» **Aim of the task**
Write out exactly the lines of the entries below from the one holding "48 Tempel naast het paleis van Ahmose" to the one holding "Fashion Week Milan", inclusive, and leave out all other lines.

BEGIN Information provided

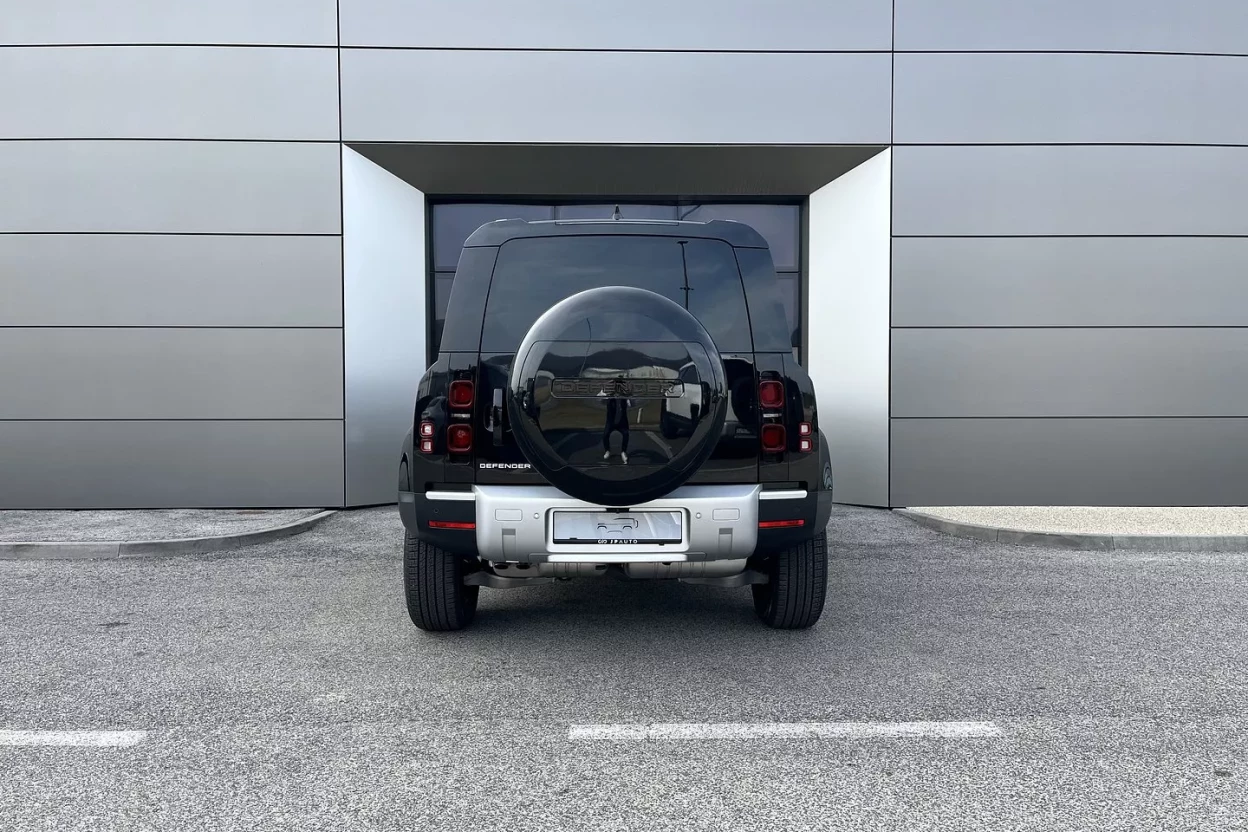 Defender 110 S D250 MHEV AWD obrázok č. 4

END Information provided
BEGIN Information provided

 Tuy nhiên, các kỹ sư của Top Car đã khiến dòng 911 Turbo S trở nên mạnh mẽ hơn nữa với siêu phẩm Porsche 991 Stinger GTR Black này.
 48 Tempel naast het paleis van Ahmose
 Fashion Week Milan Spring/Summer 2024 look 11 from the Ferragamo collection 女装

END Information provided
BEGIN Information provided

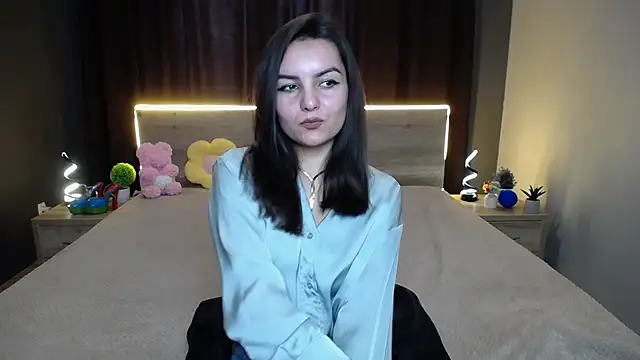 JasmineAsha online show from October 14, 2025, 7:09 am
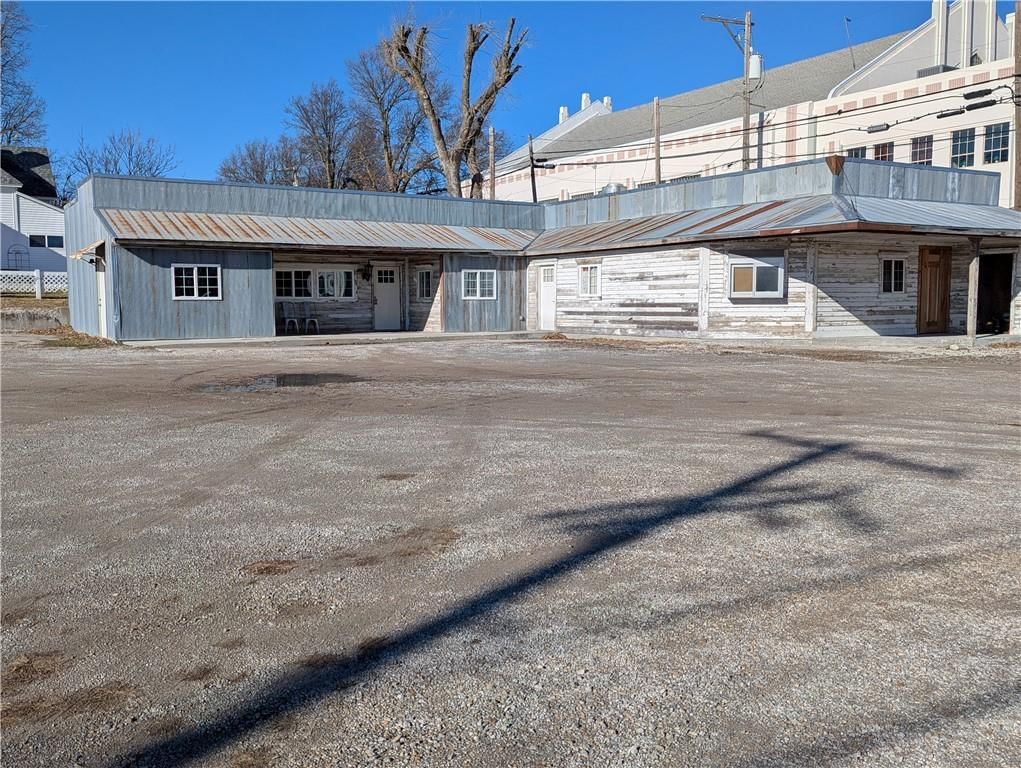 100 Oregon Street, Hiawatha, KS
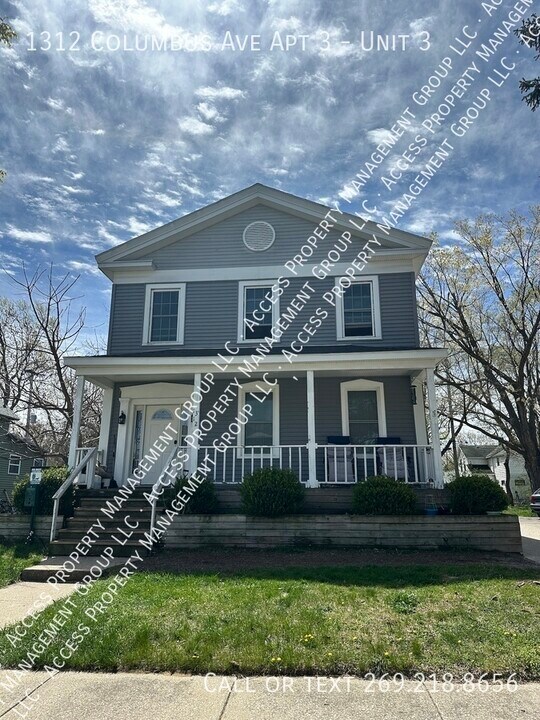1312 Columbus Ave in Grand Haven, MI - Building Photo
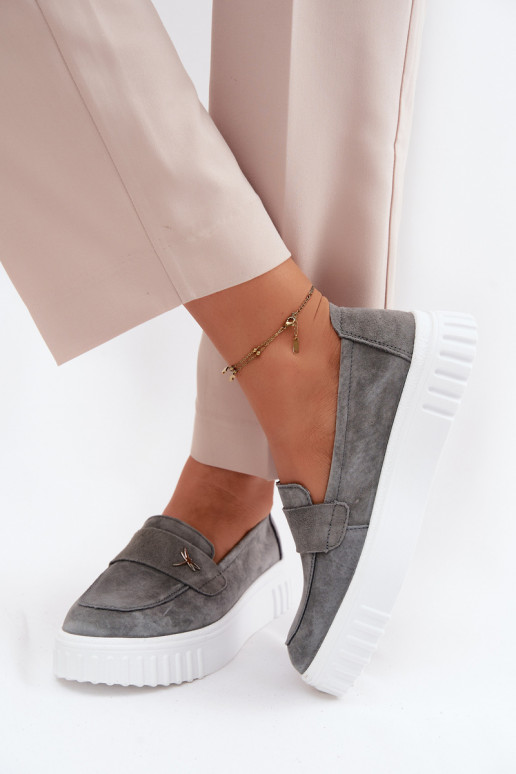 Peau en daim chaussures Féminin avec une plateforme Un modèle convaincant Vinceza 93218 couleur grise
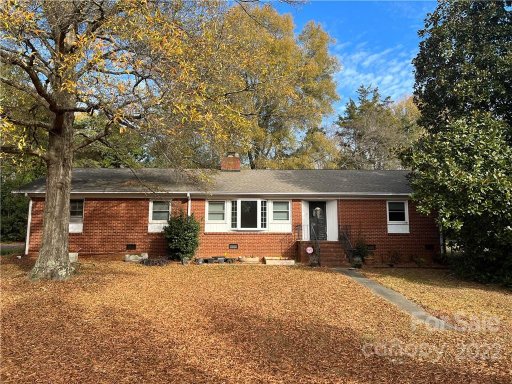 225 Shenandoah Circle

END Information provided

» **Response**
 48 Tempel naast het paleis van Ahmose
 Fashion Week Milan Spring/Summer 2024 look 11 from the Ferragamo collection 女装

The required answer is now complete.